It is clear that Herrmann aims to bring to the front only those elements in the life of Jesus which are likely to prove most effectual in meeting the need and winning the faith of the men of our age. He would cast into the background those elements which are likely to awaken doubt and to hinder the approach of men's souls to God. For Herrmann himself the virgin birth has the significance that the spiritual life of Jesus did not proceed from the sinful race. But Herrmann admits that a man could hold even that without needing to allege that the physical life of Jesus did not come into being in the ordinary way. The distinction between the inner and outward life of Jesus, and the declaration that belief in the former alone is necessary, has the result of thus ridding us of questions which can scarcely fail to be present to the mind of every modern man. Yet it would be unjust to imply that this is the purpose. Quite the contrary, the distinction is logical for this theology.
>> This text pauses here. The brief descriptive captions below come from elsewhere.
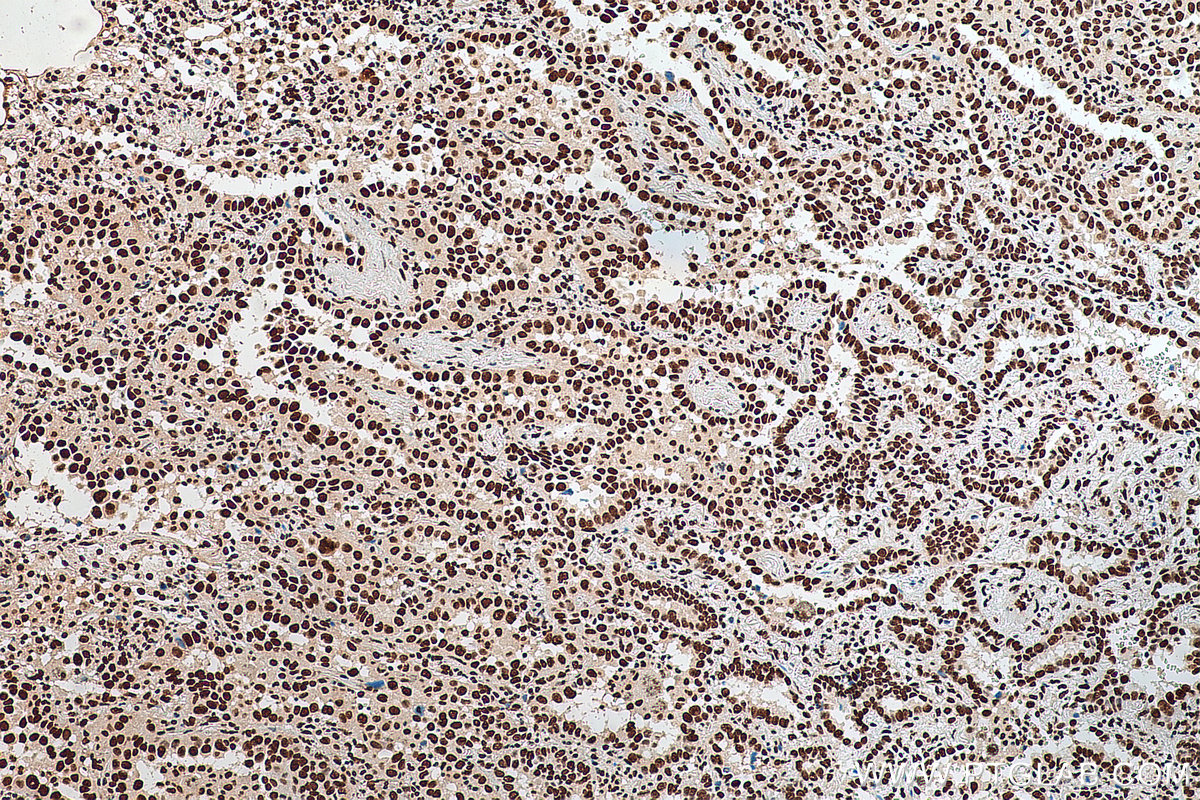 IHC staining of human lung cancer using 11176-1-AP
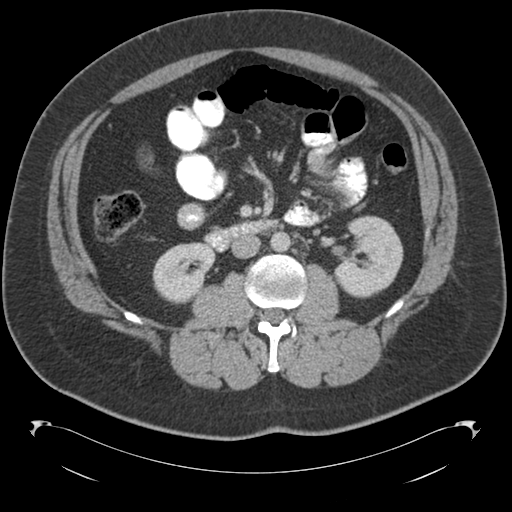 Adrenal cyst (Radiopaedia 45625-49776 Axial C+ portal venous phase 46).png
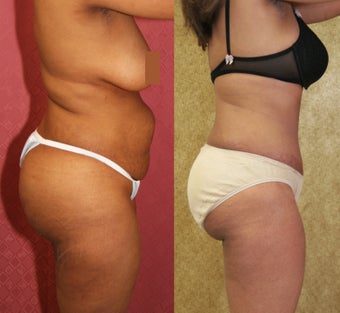 tummy tuck 304701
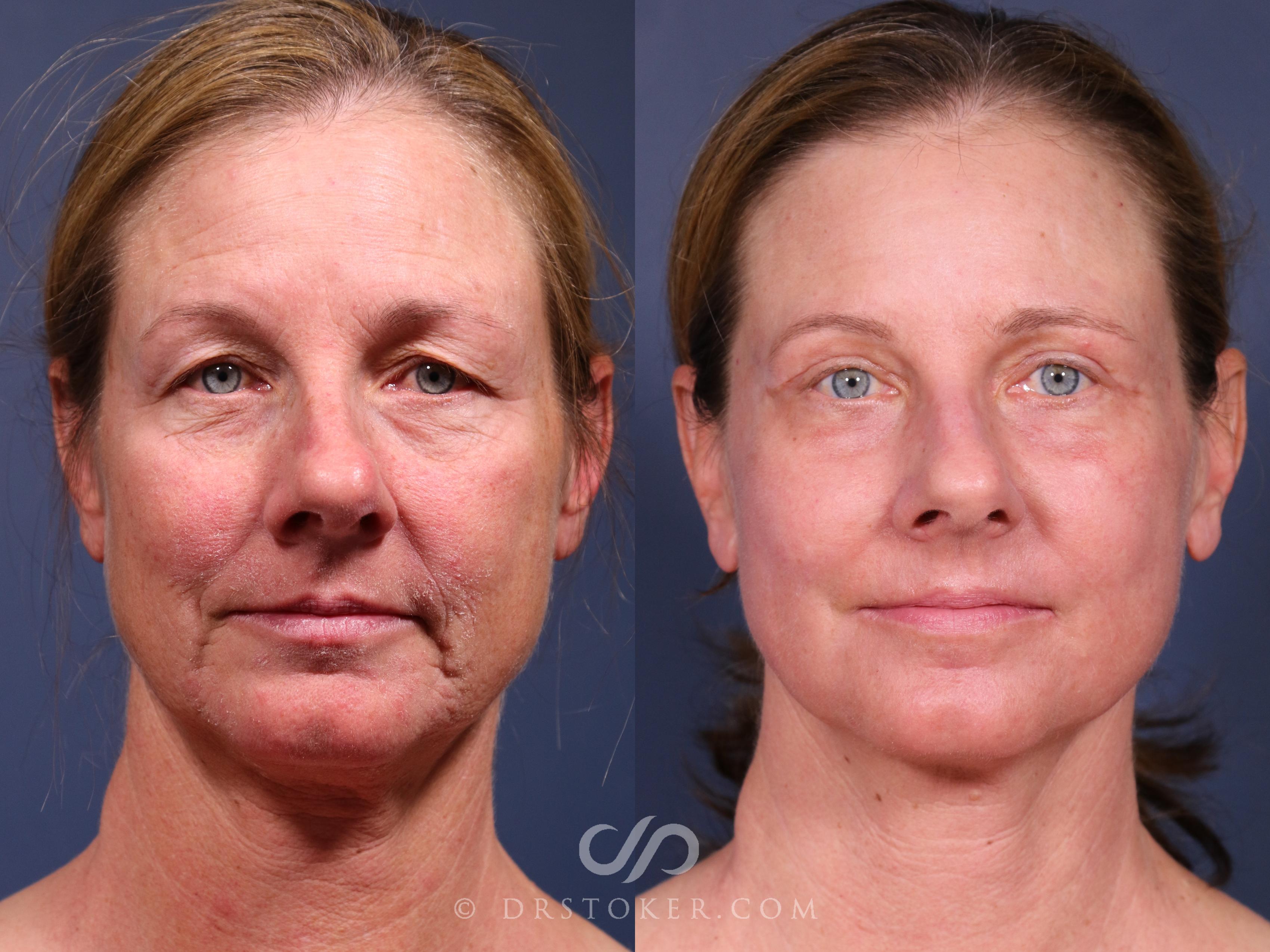 Before & After Laser Skin Resurfacing  Case 2560 Full Front View in Los Angeles, CA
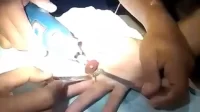 Cincin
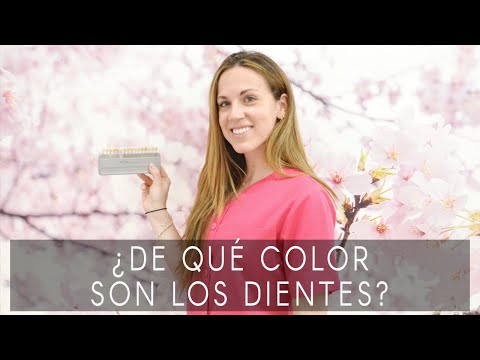 ¿De qué color son los dientes?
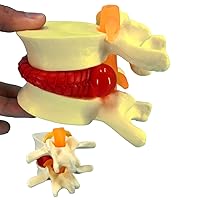 Human Anatomical Lumbar Disc Herniation Model, 1.5 Times Life Size Lumbar Disc Herniation Model, Human Lumbar Disc Herniation Model for Teaching, Learning, Demonstrating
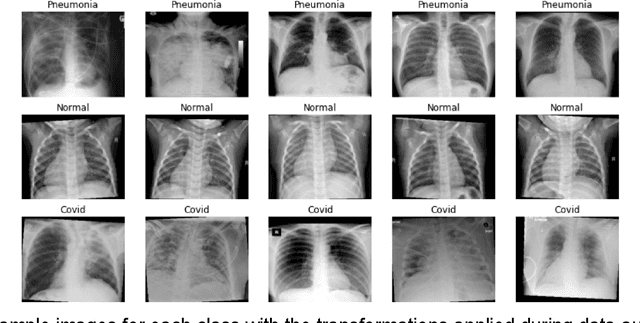 Figure 1 for Comparison of Neural Models for X-ray Image Classification in COVID-19 Detection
Redemption is an affair of the inner life of a man. It is the force of the inner life of the Redeemer which avails for it. It is from the belief that such an inner and spiritual life was once realised here on earth, that our own faith gathers strength, and gets guidance in the conflict for the salvation of our souls. The belief in the historicity of such an inner life is necessary. So Harnack also declares in his Wesen des Christenthums, 1900. It is noteworthy that in this connexion neither of these writers advances to a form of speculation concerning the exalted Christ, which in recent years has had some currency. According to this doctrine, there is ascribed to the risen and ascended Jesus an existence with God which is thought of in terms different from those which we associate with the idea of immortality. In other words, this continued existence of Christ as God is a counterpart of that existence before the incarnation, which the doctrine of the pre-existence alleged. But surely this speculation can have no better standing than that of the pre-existence.

Sin in the language of religion is defection from the law of God. It is the transgression of the divine command. In what measure, therefore, the life of man can be thought of as sinful, depends upon his knowledge of the will of God. In Scripture, as in the legends of the early history of the race, this knowledge stands in intimate connexion with the witness to a primitive revelation. This thought has had a curious history. The ideas of mankind concerning God and his will have grown and changed as much as have any other ideas. The rudimentary idea of the good is probably of social origin. It first emerges in the conflict of men one with another. As the personalised ideal of conduct, the god then reacts upon conduct, as the conduct reacts upon the notion of the god. Only slowly has the ideal of the good been clarified. Only slowly have the gods been ethicised. 'An honest God is the noblest work of man.' The moralising and spiritualising of the idea of Jahve lies right upon the face of the Old Testament. The ascent of man on his ethical and spiritual side is as certain as is that on his physical side. Long struggle upward through ignorance, weakness, sin, gradual elevating of the standard of what ought to he, growingly successful effort to conform to that standard -- this is what the history of the race has seen.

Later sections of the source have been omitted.